After collecting evidence from the scene, an official of the bomb disposal squad confirmed that it was a suicide attack. He added that around ten kilogrammes of explosives were used for the explosion. Evidence found at the blast site included ball bearings and parts of the motorcycle. A search operation began after Levies personnel cordoned off the entire area.

== Reactions ==
The President of Pakistan, Mamnoon Hussain, condemned the attack and expressed the state's resolve to protect the public by completely eradicating terrorism from the country. The Prime Minister of Pakistan, Nawaz Sharif, strongly condemned the attack and expressed his concern for the well-being of Maulana Haideri.
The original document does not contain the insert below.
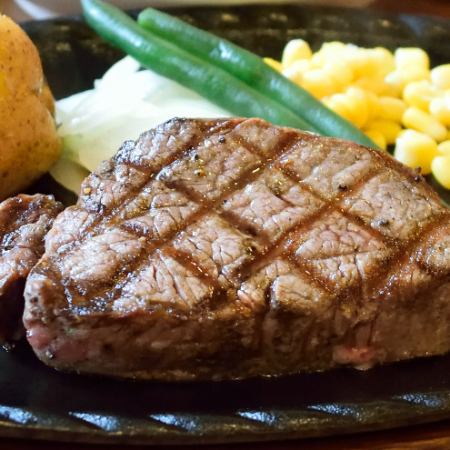 Charcoal grilled fillet side steak course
The Chairman of Senate, Raza Rabbani, and the Interior Minister, Nisar Ali Khan, also condemned the attack, with Rabbani saying "terrorists cannot deter [the] nation's resolve against militancy through such coward attacks". The Speaker and the Deputy speaker of National Assembly also condemned the attack. Chief Minister Balochistan Nawab Sanaullah Zehri, while condemning the attack, directed the IG police to submit a report on the attack within 24 hours.

Nobel laureate Malala Yousafzai also condemned the attack. In a message, Malala wrote: "I strongly condemn Mastung blast, I and my family are praying for the speedy recovery of Maulana Abdul Ghafoor Haideri and others injured, prayers for the martyrs, terrorists want to weaken Pakistan through their heinous acts but Pakistanis stand united against terrorism and extremism."
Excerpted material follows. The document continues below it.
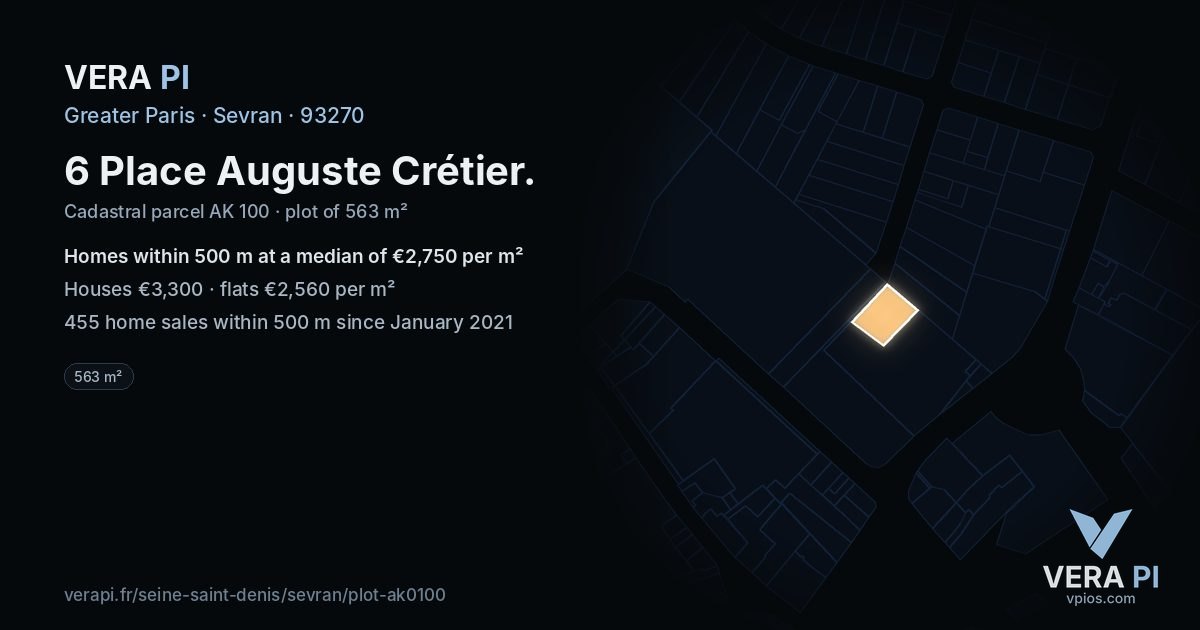 6 Place Auguste Crétier, Sevran at night – the plot lit, the parcels around coloured by the prices near them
Speaking to Geo News, JUI (F)'s Emir (chief) Maulana Fazl-ur-Rehman condemned the attack on Haideri before adding that Friday's attack was not the first on the party. "Many of our dear companions have been martyred [in this attack]," he said further, adding that, "We have to continue to work for this country and the stability of Islam." Maulana Fazlur Rehman expressed his condolences to the families of the martyrs terming the attack a very painful incident for the nation and particularly the JUI. He added that "such incidents will not stop us in our cause". The JUI-F chief also said such incidents occur "because we [JUI-F] stand with Pakistan, its law, and its Constitution".

Chairman of the Pakistan Peoples Party, Bilawal Bhutto Zardari condemned the attack saying, "controlling the menace of terrorism was collective responsibility". Chairman of Pakistan Tehreek-e-Insaf, Imran Khan condemned the attack calling it "worst terrorism incident", and added that terrorist want to create unrest.

On 13 May, a strike was observed in Quetta to mourn the death of the victims of the blast. JUI-F's party workers and supporters also held a demonstration in Quetta in protest against the suicide attack.

The militant group Lashkar-e-Jhangvi Al Alami's spokesman also condemned the suicide attack, adding that the two groups have now split due to "policy changes".

=== Local newspapers ===
The editorial of The News International noted that the attack "is a reminder that the internal challenges we face are even greater and cannot be blamed on other countries". An editorial in The Nation also mentioned that "the narrative will soon turn towards blaming the 'foreign hand' that feed terrorists in Pakistan, it must be remembered that many of our terrorist groups are entities that are very much based in Pakistan". The editorial in Dawn also echoed that "the country's civil and military leaderships will unite to condemn the attacks and bemoan them as an attempt to sabotage CPEC by outside forces. While there may be some truth to those allegations, the twin attacks in Mastung and Gwadar almost certainly have very local roots".

=== International ===
- Turkey: The Turkish Foreign Office condemned the terrorist attack, and expressed solidarity with the Government and people of Pakistan.